Il complotto fu sventato dai servizi di Podgorica grazie a una soffiata, ma prevedeva un attacco armato al parlamento e l’assassinio del primo ministro Milo Đukanović. Furono trovate armi e arrestati venti sospettati, tra cui nazionalisti serbi e cittadini russi. Nel 2019 il tribunale di Podgorica ne condannò tredici per il tentato colpo di stato con accuse di terrorismo ed eversione, tra di loro c’erano due agenti dell’intelligence militare russa Gru, processati in absentia e ritenuti i coordinatori del piano, ma anche l’ex generale della gendarmeria serba Bratislav Dikić. Nel 2021, tuttavia, un tribunale montenegrino annullò la sentenza di prima istanza per vizi procedurali e dispose un nuovo processo, ancora in corso.

I servizi di sicurezza serbi spiavano i due agenti del Gru, come mostra una foto dei due in un parco di Belgrado scattata pochi giorni prima del golpe, pubblicata dal sito investigativo Bellingcat. Le due spie facevano parte dell’Unità 29155, incaricata di operazioni coperte di destabilizzazione, e furono avvistate in Georgia, Bulgaria, Grecia, Moldavia e in Ucraina, a Odessa.

Sempre nel 2017, si verificarono violenti scontri in Nord Macedonia con l’irruzione di manifestanti dell’opposizione nazionalista nel parlamento di Skopje, nel tentativo di impedire una coalizione tra i socialdemocratici del premier Zoran Zaev e la minoranza albanofona. Zaev aveva fissato come obiettivi l’adesione alla Nato e all’Unione europea, ma la Russia ha tentato di impedire tale percorso soffiando sulle divisioni etniche del paese e con la corruzione.

La posizione serba

Oggi i due principali campi di sfida della Russia nei Balcani sono la Serbia e la Bosnia.

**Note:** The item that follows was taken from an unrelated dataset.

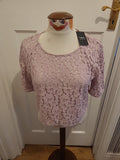 Brand New Ladies Next Size 10 Baby Pink Floral Lace Short Sleeved Tshirt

Infatti, Belgrado non si unì all’occidente nelle sanzioni contro Mosca per l’occupazione della Crimea, né in quelle per l’invasione del 24 febbraio, e dal 2013 partecipa come osservatore all’Organizzazione del trattato di sicurezza collettiva (Csto), l’alleanza militare speculare alla Nato ed erede del Patto di Varsavia.

La Serbia, tuttavia, è costretta a riconoscere l’integrità territoriale ucraina, Crimea compresa, per evidenti ragioni di coerenza sulla questione kosovara. In Bosnia, a capo della presidenza tripartita c’è il nazionalista serbo Milorad Dodik, uomo forte della Repuplika Srpska, una delle due entità della Bosnia Erzegovina. Dodik non ha mai nascosto i suoi legami con i vertici di Mosca e i suoi piani di indipendenza per la Republika Srpska. Non è un caso che a marzo 2021 l’ambasciatore russo a Sarajevo abbia minacciato uno scenario ucraino nel caso la Bosnia aderisse alla Nato, sapendo di poter contare sulla polizia militarizzata di Dodik per accendere la miccia di un conflitto che continua a covare sotto le ceneri degli accordi di Dayton.